We can incorporate changes over time into our survival analysis by using a modification of the Cox model above. The general mathematical description is:
\lambda(t | X) = b_0(t) \exp{\left(\sum_{i=1}^d b_i x_i(t)\right)}
Note the time-varying x_i(t) to denote that covariates can change over time. This model is implemented in lifelines as CoxTimeVaryingFitter
. The dataset schema required is different than previous models, so we will spend some time describing this.
Lifelines requires that the dataset be in what is called the long format. This looks like one row per state change, including an ID, the left (exclusive) time point, and right (inclusive) time point. For example, the following dataset tracks three unique subjects.
id | start | stop | group | z | event |
---|---|---|---|---|---|
1 | 0 | 8 | 1 | 0 | False |
2 | 0 | 5 | 0 | 0 | False |
2 | 5 | 8 | 0 | 1 | True |
3 | 0 | 3 | 1 | 0 | False |
3 | 3 | 12 | 1 | 1 | True |
5 rows × 6 columns
In the above dataset, start
and stop
denote the boundaries, id
is the unique identifier per subject, and event
denotes if the subject died at the end of that period.
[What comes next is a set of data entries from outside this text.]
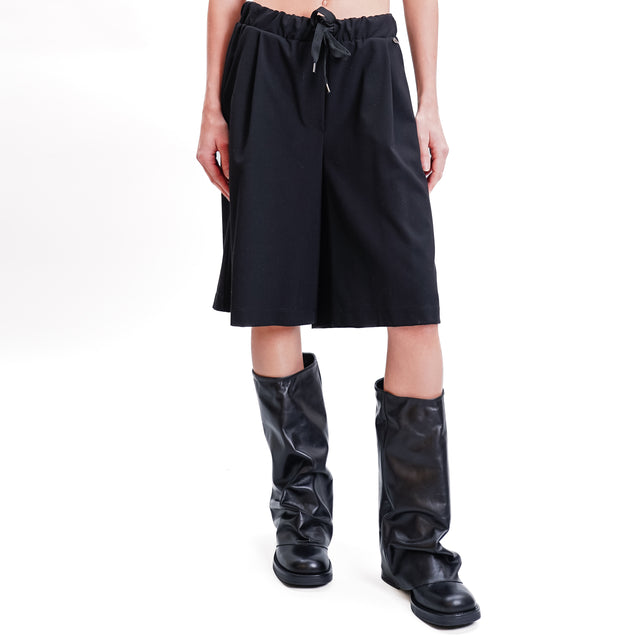 Dixie-Bermuda Elastic Waist with Drawstring - Black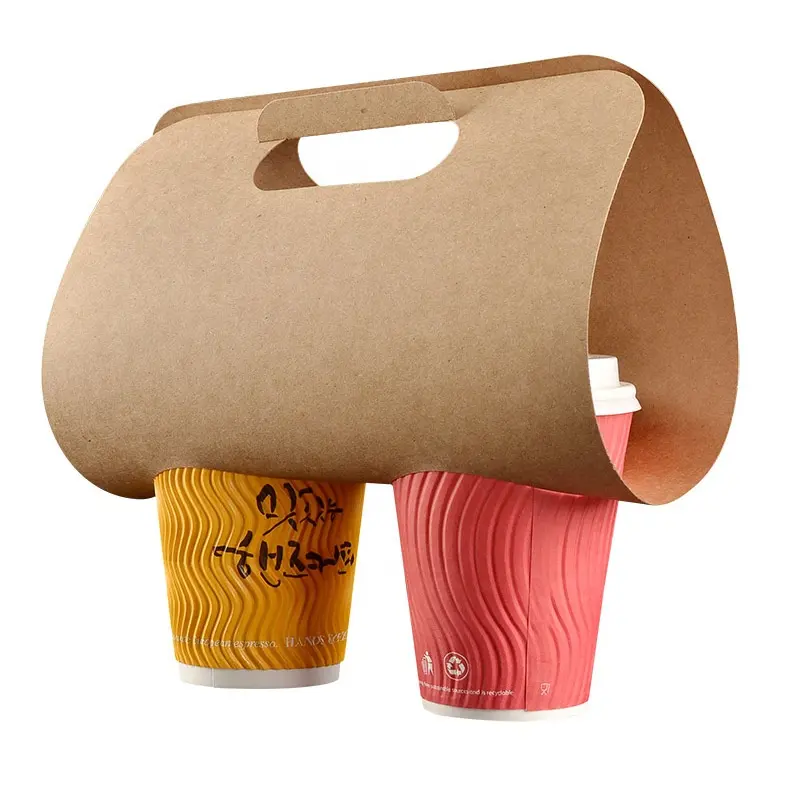 80mm कागज कॉफी जाने के लिए वाहक पेय Takeout धारक डिस्पोजेबल कॉफी ट्रे रखती है 2 कप कैरी धारक के लिए गर्म और ठंडे पेय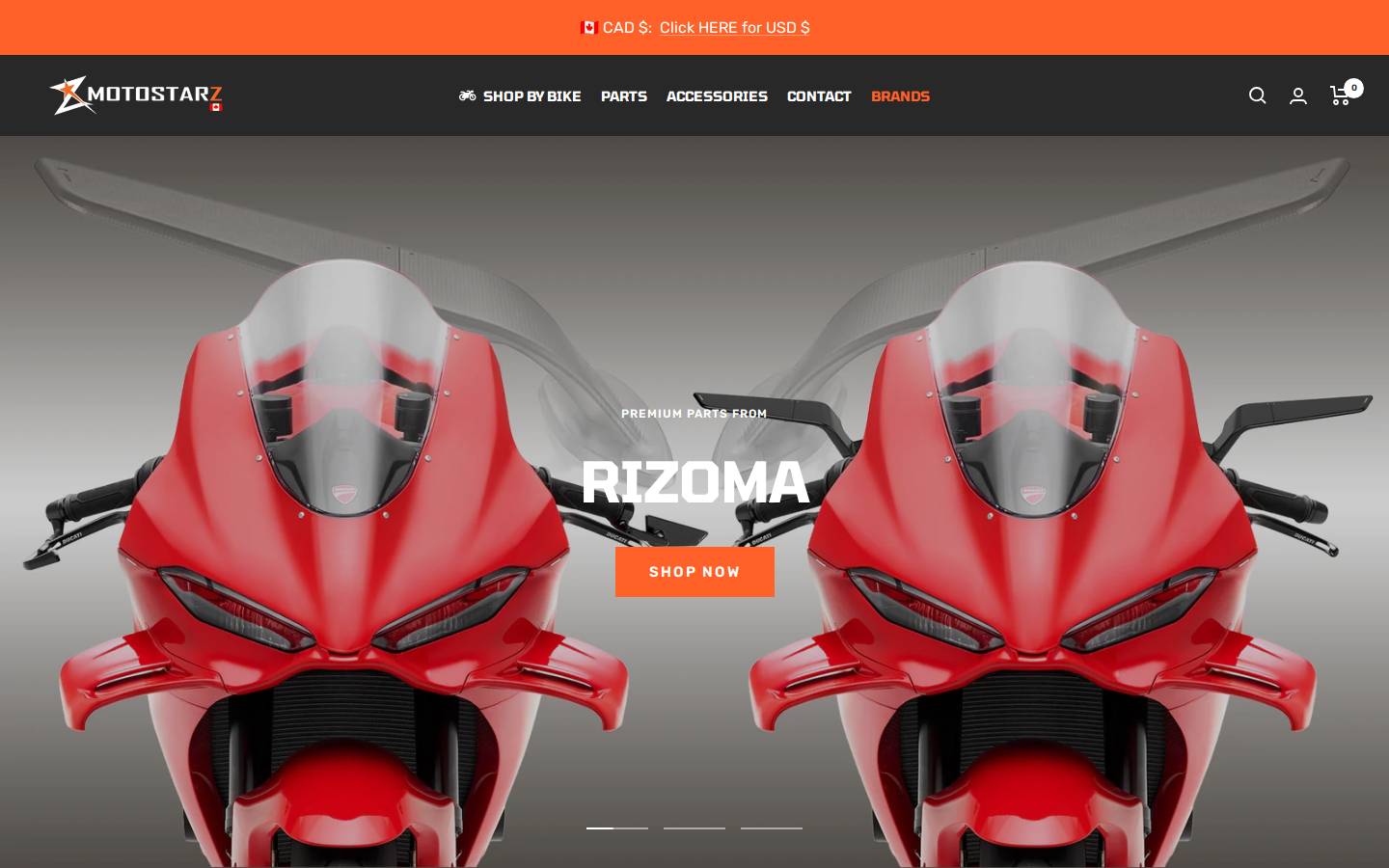 Motostarz homepage screenshot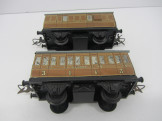 Pair of Postwar Hornby Gauge 0 NE No1 Passenger Coaches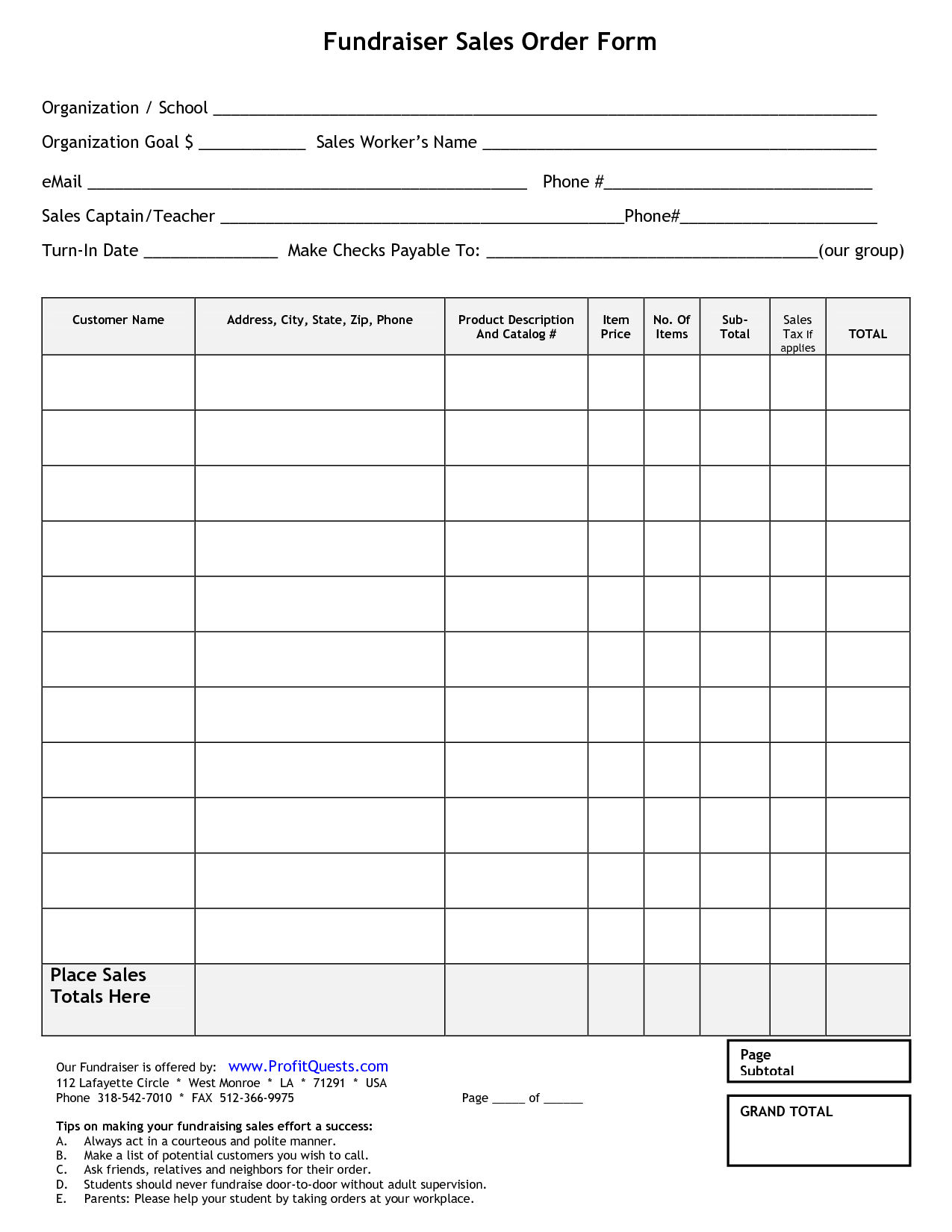 Fundraiser Order Form | Fundraiser Order Form Template In Blank Fundraiser Order Form Template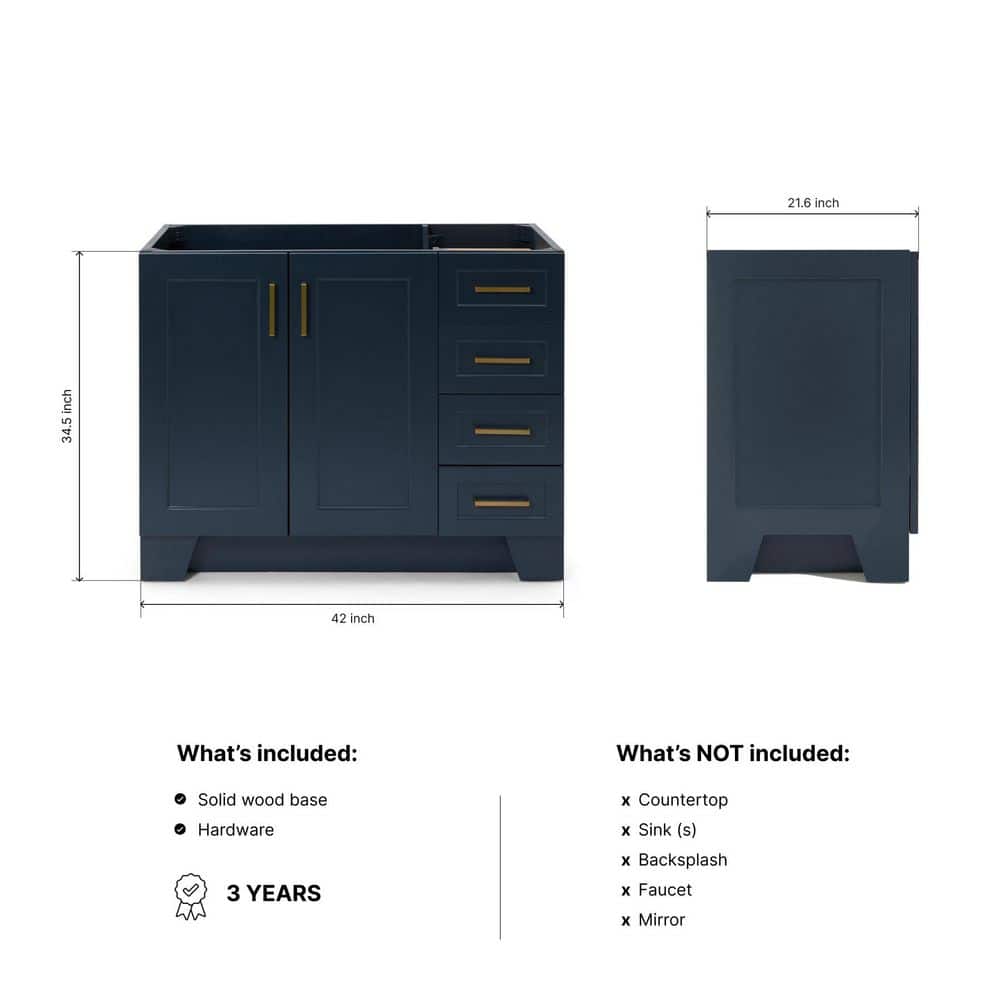 Midnight Blue Wood Freestanding Single Bathroom Vanity Base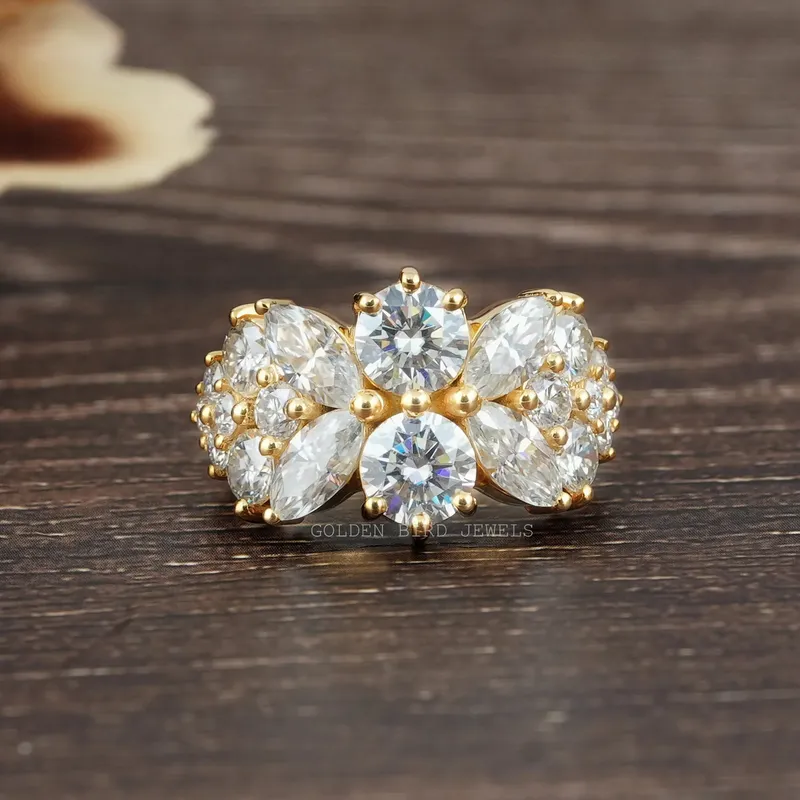 Marquise And Round Cut Moissanite Vintage Ring round cut engagement ring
For example, subject ID 2 had variable z=0
up to and including the end of time period 5 (we can think that measurements happen at end of the time period.), after which it was set to 1.
So if this is the desired dataset, it can be built up first from smaller datasets. To do this we can use some helper functions provided in lifelines.
Typically, data will be in a format that looks like it comes out of a relational database. You may have a "base" table with ids, durations, and a censorsed flag, and possibly static covariates. Ex:
id | duration | event | var1 |
---|---|---|---|
1 | 10 | True | 0.1 |
2 | 12 | False | 0.5 |
2 rows × 4 columns
You'll also have secondary dataset that reference taking future measurements. Example:
id | time | var2 |
---|---|---|
1 | 0 | 1.4 |
1 | 4 | 1.2 |
1 | 8 | 1.5 |
2 | 0 | 1.6 |
4 rows × 3 columns
where time
is the duration from the entry event. Here we see subject 1 had a change in their var2
covariate at the end of time 4 and at the end of time 8. We can use to_long_format
to transform the base dataset into a long format and add_covariate_to_timeline
to fold the covariate dataset into the original dataset.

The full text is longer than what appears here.